## Task to carry out:
All lines below containing "learn" are to be listed.
── Data ──
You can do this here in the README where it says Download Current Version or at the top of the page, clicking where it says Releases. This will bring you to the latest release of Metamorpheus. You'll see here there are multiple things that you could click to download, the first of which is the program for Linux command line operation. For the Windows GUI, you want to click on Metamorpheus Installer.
───
── Data ──
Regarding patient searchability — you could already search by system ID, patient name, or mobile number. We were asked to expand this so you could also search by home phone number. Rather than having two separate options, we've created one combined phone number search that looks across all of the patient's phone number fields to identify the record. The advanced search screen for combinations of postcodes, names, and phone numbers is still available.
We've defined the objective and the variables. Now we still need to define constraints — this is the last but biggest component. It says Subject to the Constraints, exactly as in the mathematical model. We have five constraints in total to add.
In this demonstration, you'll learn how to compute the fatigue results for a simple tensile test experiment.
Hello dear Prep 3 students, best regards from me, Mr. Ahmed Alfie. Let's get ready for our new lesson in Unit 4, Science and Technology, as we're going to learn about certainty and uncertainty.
───
## Solution:
In this demonstration, you'll learn how to compute the fatigue results for a simple tensile test experiment.
Hello dear Prep 3 students, best regards from me, Mr. Ahmed Alfie. Let's get ready for our new lesson in Unit 4, Science and Technology, as we're going to learn about certainty and uncertainty.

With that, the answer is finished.